Bank of Canada Holds Interest Rate - Jul 30, 2025
- John Lee - Arise Mortgage
- Jul 30
- 3 min read
This morning, the Bank of Canada announced that it is holding its key interest rate. The prime rate remains at 4.95%. As a result, there are no payment changes for variable-rate mortgage holders.
Overview
Some parts of U.S. trade policy have become clearer, but negotiations are still changing, and new tariffs are still being threatened. Because of this uncertainty, the Bank of Canada’s July report doesn’t give a standard forecast. Instead, it outlines three possible scenarios: one with current tariffs, one where tariffs go up, and one where they go down.
Global Economy
Even though tariffs have caused some disruption, the global economy has remained fairly stable. The U.S. economy grew more slowly in early 2025, though the job market stayed strong. Inflation in the U.S. rose slightly in June as some of the tariff costs began to affect consumer prices. Other areas like Europe and China saw moderate growth, and Canada’s dollar has gained value as the U.S. dollar has weakened.
Canada’s Economy
U.S. tariffs have caused problems for Canadian trade, but the economy is still showing signs of strength. Canada’s GDP grew early in the year as exports were pushed out quickly before tariffs hit, but it likely dropped about 1.5% in the second quarter as exports fell back and U.S. demand slowed. Businesses and consumers are more cautious due to uncertainty, and job losses have occurred in some trade-affected sectors. However, other parts of the job market remain stable, and the unemployment rate reached 6.9% in June.
Growth Outlook
Under the current tariff situation, Canada's economy is expected to grow slowly in the second half of 2025, around 1%, as trade levels out and consumer spending improves. There will likely be economic slack through 2026, but that’s expected to shrink as growth approaches 2% by 2027. If tariffs are reduced, growth could recover more quickly. If they increase, the economy may continue to shrink through the rest of the year.
Inflation
Inflation in Canada reached 1.9% in June, up slightly from the previous month. When taxes are excluded, inflation rose to 2.5%, driven mostly by higher prices for goods. Shelter costs remain the biggest contributor to inflation, although they are rising more slowly than before. Looking ahead, inflation is expected to stay close to 2% though increased tariffs or supply chain costs could push prices higher.
Interest Rate Decision
Because there’s still a lot of uncertainty and inflation pressures remain, the Bank of Canada has decided to keep its interest rate steady.
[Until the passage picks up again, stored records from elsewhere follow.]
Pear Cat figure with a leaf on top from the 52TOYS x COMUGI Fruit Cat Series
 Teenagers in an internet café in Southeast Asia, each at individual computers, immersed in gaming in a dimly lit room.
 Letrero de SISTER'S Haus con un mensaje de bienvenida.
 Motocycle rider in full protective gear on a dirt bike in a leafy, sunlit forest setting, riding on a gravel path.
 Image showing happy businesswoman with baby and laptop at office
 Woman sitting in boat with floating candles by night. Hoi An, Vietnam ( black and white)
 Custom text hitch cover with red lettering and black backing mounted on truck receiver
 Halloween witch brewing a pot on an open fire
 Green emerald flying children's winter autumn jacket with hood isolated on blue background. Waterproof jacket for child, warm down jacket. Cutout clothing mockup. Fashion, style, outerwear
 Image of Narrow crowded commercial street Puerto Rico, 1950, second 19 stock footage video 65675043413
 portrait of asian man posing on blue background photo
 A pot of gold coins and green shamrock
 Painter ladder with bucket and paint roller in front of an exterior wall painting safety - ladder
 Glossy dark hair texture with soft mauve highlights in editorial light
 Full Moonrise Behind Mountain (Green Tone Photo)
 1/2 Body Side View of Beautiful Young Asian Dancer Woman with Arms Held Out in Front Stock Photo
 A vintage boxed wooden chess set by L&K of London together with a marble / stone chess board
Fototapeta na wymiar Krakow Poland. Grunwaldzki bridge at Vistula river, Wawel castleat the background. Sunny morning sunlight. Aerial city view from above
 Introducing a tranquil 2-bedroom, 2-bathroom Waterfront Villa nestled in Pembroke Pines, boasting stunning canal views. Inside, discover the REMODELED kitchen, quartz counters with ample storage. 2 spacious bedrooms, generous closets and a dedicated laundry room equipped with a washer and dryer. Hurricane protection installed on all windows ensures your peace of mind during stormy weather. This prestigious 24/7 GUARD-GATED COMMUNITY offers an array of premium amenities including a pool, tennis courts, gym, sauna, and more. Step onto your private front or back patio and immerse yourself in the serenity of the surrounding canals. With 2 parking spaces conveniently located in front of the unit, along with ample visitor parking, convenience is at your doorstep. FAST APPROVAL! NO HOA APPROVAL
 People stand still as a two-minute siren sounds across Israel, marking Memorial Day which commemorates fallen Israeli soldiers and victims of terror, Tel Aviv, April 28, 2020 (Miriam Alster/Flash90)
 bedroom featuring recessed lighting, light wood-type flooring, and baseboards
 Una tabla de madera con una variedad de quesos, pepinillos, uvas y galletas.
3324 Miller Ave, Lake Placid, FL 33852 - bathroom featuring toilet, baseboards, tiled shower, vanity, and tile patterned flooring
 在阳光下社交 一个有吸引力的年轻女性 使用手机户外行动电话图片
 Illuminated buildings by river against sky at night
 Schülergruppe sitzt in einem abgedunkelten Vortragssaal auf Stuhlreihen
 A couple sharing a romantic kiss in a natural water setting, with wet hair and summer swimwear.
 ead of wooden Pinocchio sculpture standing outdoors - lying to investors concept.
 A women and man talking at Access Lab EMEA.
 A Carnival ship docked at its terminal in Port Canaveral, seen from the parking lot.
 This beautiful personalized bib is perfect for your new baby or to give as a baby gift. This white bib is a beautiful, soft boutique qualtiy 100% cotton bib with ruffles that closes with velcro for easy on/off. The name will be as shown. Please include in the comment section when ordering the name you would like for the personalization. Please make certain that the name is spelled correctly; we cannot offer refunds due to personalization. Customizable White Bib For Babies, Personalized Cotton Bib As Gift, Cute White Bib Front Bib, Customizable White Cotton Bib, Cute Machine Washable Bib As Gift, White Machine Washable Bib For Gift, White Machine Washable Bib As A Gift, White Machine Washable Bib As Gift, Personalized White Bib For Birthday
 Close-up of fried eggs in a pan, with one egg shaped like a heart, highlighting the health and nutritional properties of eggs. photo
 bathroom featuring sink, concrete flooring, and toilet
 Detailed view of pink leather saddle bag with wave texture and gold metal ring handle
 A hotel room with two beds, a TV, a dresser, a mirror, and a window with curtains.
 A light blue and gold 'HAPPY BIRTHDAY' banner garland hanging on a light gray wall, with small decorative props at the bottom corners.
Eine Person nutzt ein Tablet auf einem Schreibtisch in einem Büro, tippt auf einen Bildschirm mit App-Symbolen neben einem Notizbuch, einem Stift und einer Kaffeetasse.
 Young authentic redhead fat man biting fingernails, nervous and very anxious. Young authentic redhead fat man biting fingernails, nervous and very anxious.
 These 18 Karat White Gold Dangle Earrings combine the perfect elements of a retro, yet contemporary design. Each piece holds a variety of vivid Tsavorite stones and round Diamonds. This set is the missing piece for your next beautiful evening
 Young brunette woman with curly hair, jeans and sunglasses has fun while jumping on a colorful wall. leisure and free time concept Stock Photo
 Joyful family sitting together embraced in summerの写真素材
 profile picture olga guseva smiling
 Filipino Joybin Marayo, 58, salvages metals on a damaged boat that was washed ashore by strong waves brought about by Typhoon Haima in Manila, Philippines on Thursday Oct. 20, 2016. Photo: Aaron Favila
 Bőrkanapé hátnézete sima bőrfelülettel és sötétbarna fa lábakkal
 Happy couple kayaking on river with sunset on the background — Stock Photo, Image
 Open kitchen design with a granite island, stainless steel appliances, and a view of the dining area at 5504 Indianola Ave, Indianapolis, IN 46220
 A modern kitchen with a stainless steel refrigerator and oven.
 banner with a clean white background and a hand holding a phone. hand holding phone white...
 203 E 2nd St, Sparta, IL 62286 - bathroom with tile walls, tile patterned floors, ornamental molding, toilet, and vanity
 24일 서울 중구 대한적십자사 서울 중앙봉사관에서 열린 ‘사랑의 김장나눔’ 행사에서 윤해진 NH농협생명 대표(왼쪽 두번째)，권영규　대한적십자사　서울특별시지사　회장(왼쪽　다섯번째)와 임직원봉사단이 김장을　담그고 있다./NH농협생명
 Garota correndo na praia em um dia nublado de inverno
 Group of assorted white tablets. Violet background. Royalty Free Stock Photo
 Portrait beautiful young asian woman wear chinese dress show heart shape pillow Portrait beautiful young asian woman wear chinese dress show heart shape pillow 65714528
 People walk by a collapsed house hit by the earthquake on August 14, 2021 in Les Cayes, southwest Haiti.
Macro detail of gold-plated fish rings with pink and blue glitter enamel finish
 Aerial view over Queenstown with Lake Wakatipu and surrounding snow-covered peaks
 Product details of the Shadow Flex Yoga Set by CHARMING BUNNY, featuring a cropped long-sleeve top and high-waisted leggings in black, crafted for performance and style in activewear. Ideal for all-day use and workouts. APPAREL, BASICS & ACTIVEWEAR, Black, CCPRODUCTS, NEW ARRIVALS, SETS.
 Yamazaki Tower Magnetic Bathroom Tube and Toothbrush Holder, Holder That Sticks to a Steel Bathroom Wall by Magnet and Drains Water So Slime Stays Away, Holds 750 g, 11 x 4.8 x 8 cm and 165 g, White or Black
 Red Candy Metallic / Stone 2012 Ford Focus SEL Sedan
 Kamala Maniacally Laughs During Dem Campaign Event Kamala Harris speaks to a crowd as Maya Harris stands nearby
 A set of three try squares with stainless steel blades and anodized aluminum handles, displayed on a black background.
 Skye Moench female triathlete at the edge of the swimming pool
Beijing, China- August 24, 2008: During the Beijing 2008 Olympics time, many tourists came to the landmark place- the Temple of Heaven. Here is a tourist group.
They are watching closely to see whether inflation falls as the economy slows, or rises due to higher trade-related costs. If inflation comes down and those cost pressures are controlled, there may be a need to lower interest rates. The Bank is moving carefully and keeping all options open.
What They’re Watching
The Bank of Canada is paying close attention to how much U.S. tariffs reduce demand for Canadian goods and how this affects jobs, spending, and business investment. They’re also watching how quickly companies pass cost increases on to consumers and how inflation expectations change. Their main goal is to keep inflation stable and help support the economy during this uncertain time. They want Canadians to continue trusting that prices will stay under control.
The next Bank of Canada announcement will be on Sep 17, 2025.